5. Another example: Ski

This is a little scrolling videogame. It plays a looped background sound continuously, and also plays triggered sounds when certain things happen (user input and change of game state). This code should be easy to tweak into your own designs.

Play the game by going to the ambiences/ski directory and typing vss to start vss from there. (If vss isn't in your path, type /afs/ncsa/packages/vss/6.5/vss or something like that.)
From another terminal (where you'll play the game), change to that same directory and type ski. (You might have to type make first to create the file ski.)
Wait for the starting tone to sound, then press the a and s keys to swish left or right. (Don't hold the keys down.) Press q to quit in the middle of a run.

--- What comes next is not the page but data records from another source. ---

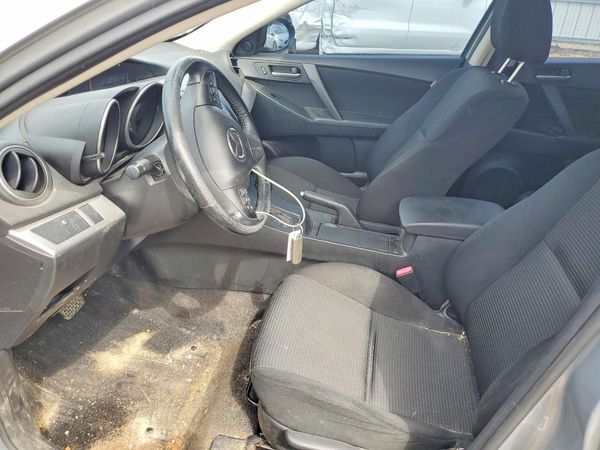 2013 MAZDA 3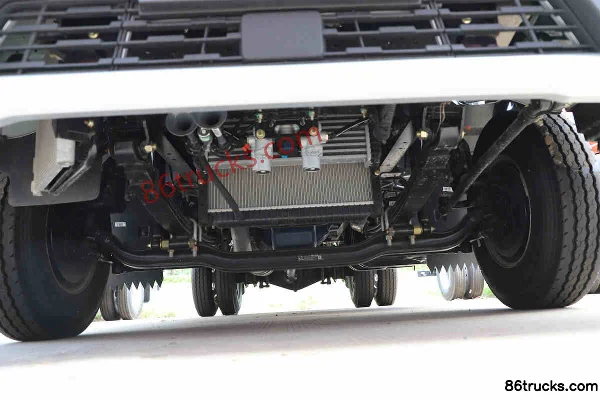 Sinotruk HOWO Hanjiang PRO 155 ch 4X2(6 roues) 4,15 m camion léger à ridelles, cabine simple (Fast Gear 6 vitesses) Châssis (1) | 86Trucks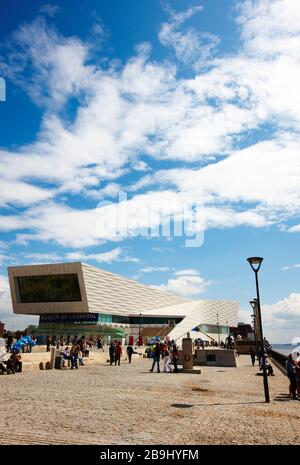 The Museum of Liverpool on a Sunny Summers Day, Mann Island, Pier Head, Liverpool UK Stockfoto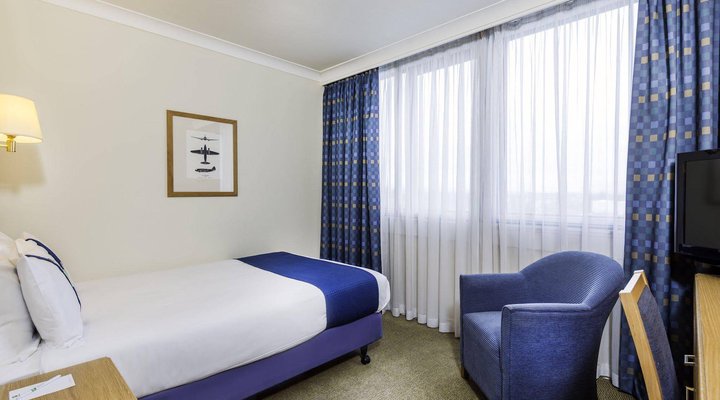 Holiday Inn London Heathrow Ariel
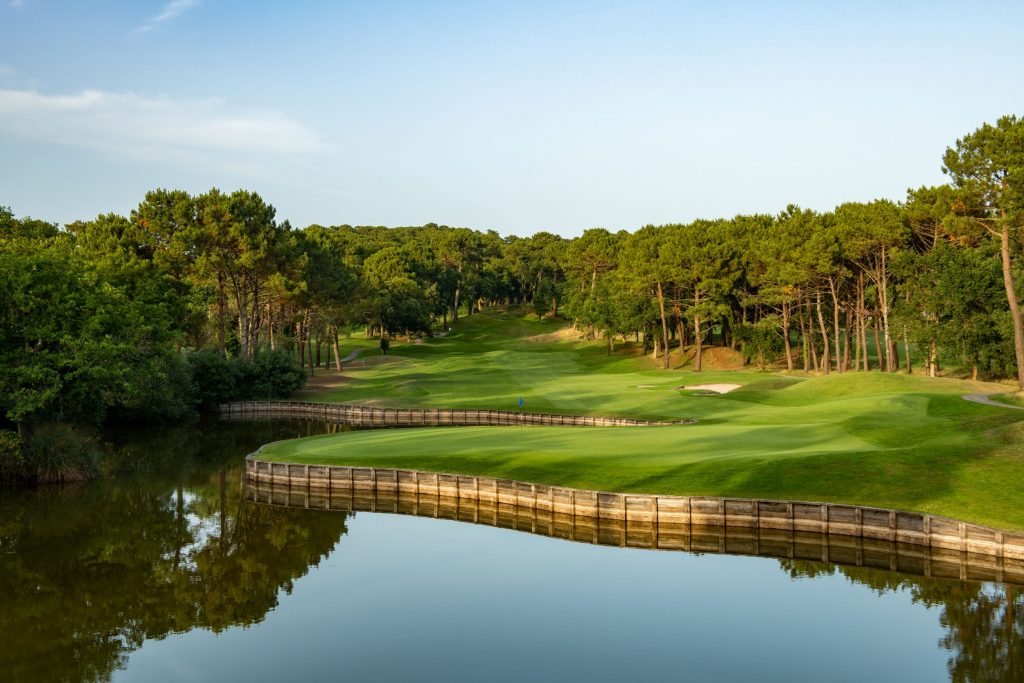 Green du trou 2 du Golf de Seignosse, au bord d’un plan d’eau.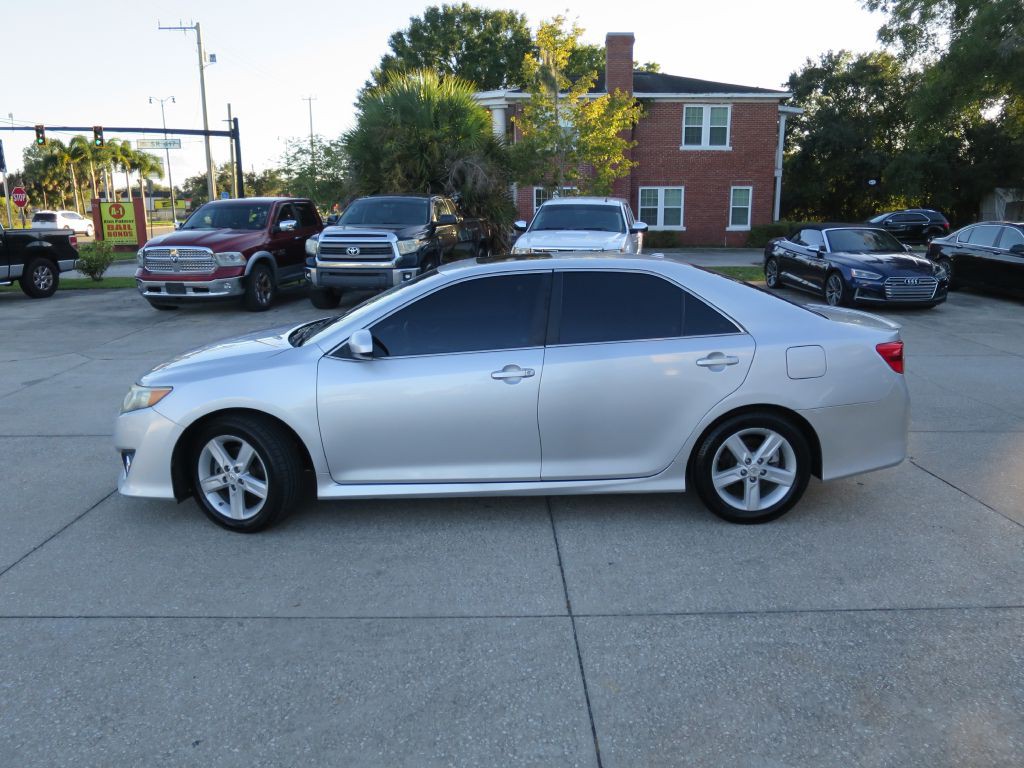 2012 Toyota Camry Image 7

The source code in ski.c does all of the things in the checklists above for playing ambient sounds and playing triggered soundfiles:

The file ski.aud does several things when it is opened by the AUDinit() function call:

  1. Load the DSO's which contain the actors we'll need;
  2. Define a few message groups (TurnL, TurnR, Crash, Win, and Exit);
  3. Create and initialize the actors we need (in this case, just a SampleActor);
  4. Preload the soundfiles we'll use, so they're in memory immediately;
  5. Put instructions into the message groups (typically, just a single message to play a soundfile);
  6. Start playing a background sound;
  7. Play a starting sound.
Please refer to the file ski.aud itself for a detailed explanation.

6. Troubleshooting.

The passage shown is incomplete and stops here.